• Activity
Quote the entries below from the line with "Kate Quinn Little Liam" through the line with "Departamento en Santiago - Miniatura 8", both ends included, and only those lines.

• Data for this exercise
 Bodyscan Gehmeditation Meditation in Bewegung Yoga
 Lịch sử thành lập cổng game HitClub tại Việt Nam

--

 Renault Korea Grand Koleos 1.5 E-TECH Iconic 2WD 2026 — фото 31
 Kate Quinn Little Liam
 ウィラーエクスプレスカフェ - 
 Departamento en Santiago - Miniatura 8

• The answer
 Kate Quinn Little Liam
 ウィラーエクスプレスカフェ - 
 Departamento en Santiago - Miniatura 8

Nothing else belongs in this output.